* Exercise requirements *
The records below need to be repeated exactly, with every picture left out.

[Short descriptive text snippets]

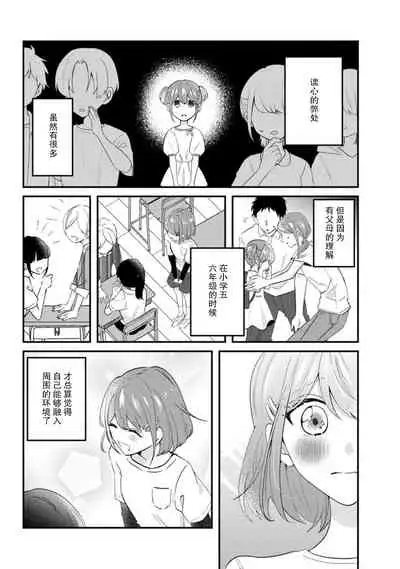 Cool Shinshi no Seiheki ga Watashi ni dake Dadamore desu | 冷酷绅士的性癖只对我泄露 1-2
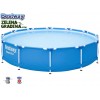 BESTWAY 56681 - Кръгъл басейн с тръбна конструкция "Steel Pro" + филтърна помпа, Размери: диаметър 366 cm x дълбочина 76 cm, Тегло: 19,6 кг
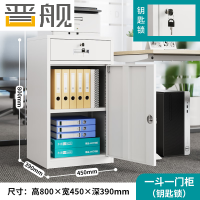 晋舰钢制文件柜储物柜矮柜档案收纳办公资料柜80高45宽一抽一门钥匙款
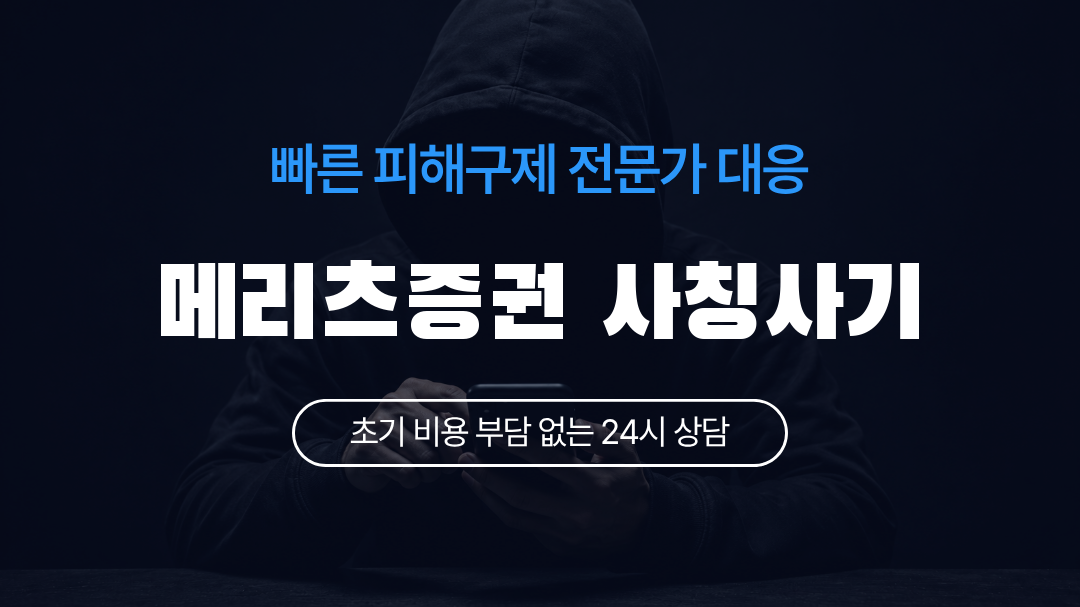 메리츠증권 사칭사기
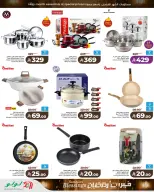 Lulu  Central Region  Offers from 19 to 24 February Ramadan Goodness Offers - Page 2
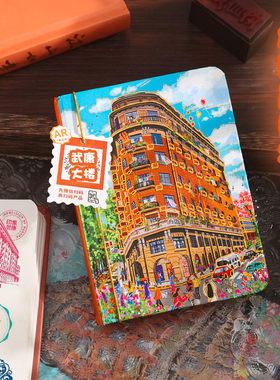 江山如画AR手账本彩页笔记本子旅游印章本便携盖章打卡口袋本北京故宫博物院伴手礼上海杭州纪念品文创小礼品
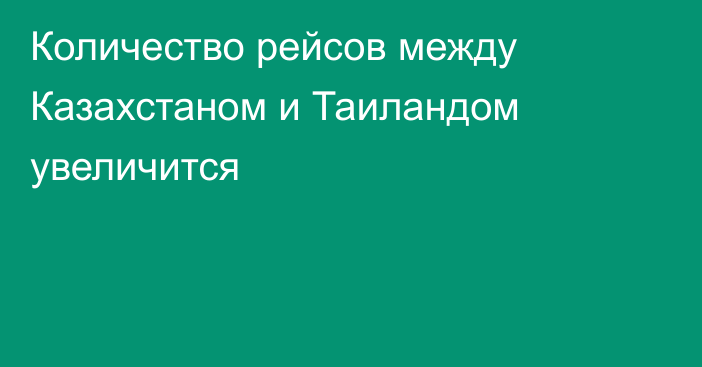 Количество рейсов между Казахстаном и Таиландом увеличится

* Answer below *
 Cool Shinshi no Seiheki ga Watashi ni dake Dadamore desu | 冷酷绅士的性癖只对我泄露 1-2
 BESTWAY 56681 - Кръгъл басейн с тръбна конструкция "Steel Pro" + филтърна помпа, Размери: диаметър 366 cm x дълбочина 76 cm, Тегло: 19,6 кг
 晋舰钢制文件柜储物柜矮柜档案收纳办公资料柜80高45宽一抽一门钥匙款
 메리츠증권 사칭사기
 Lulu  Central Region  Offers from 19 to 24 February Ramadan Goodness Offers - Page 2
 江山如画AR手账本彩页笔记本子旅游印章本便携盖章打卡口袋本北京故宫博物院伴手礼上海杭州纪念品文创小礼品
 Количество рейсов между Казахстаном и Таиландом увеличится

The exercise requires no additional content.